Problem to work on →
Lines that include "photo" make up the answer; copy all of them from the data below.

**** Records supplied ****

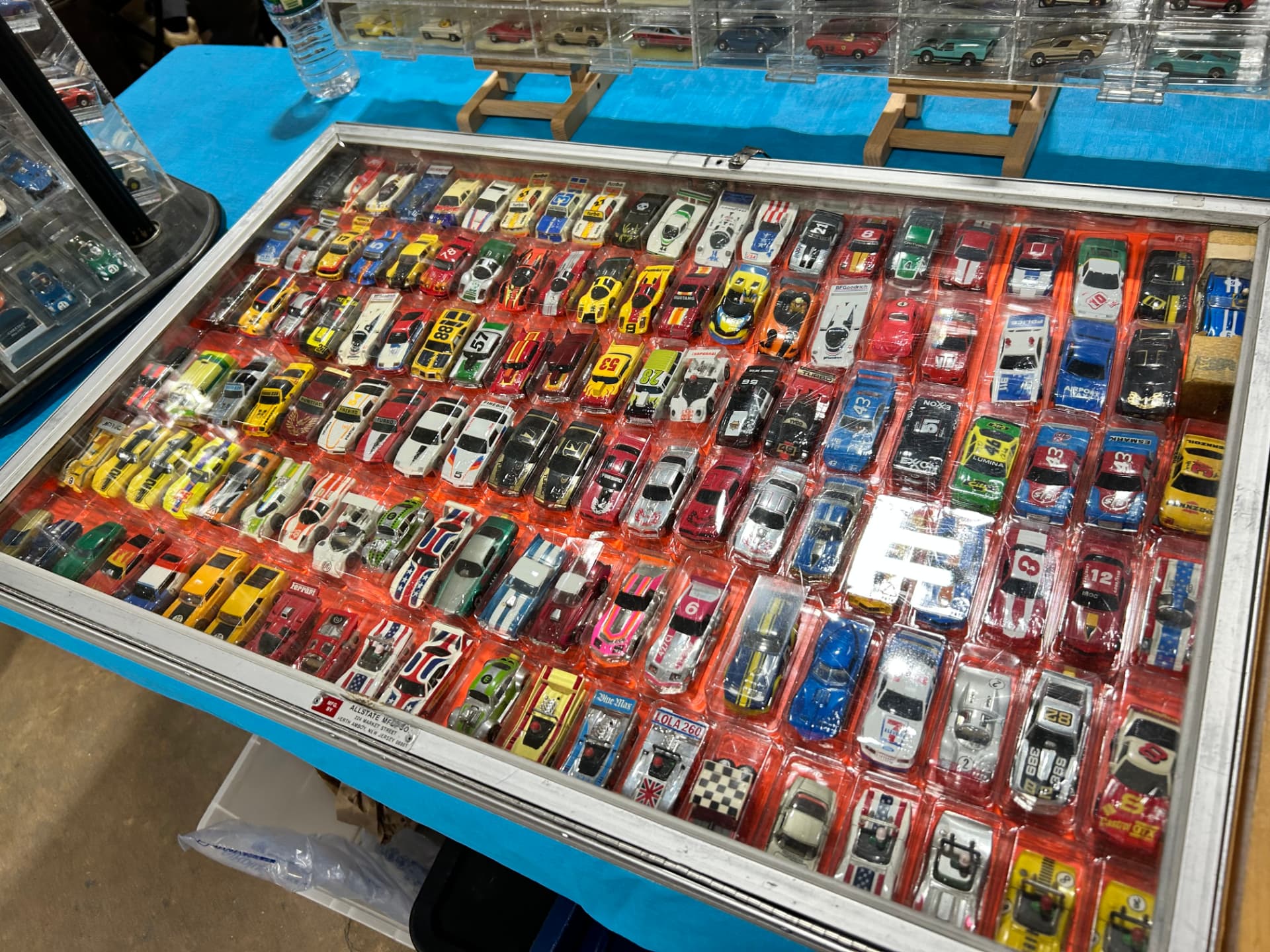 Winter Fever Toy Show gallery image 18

****
**** Records supplied ****

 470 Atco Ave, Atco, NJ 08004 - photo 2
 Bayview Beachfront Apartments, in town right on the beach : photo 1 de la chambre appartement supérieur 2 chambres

****

Expected answer →
 470 Atco Ave, Atco, NJ 08004 - photo 2
 Bayview Beachfront Apartments, in town right on the beach : photo 1 de la chambre appartement supérieur 2 chambres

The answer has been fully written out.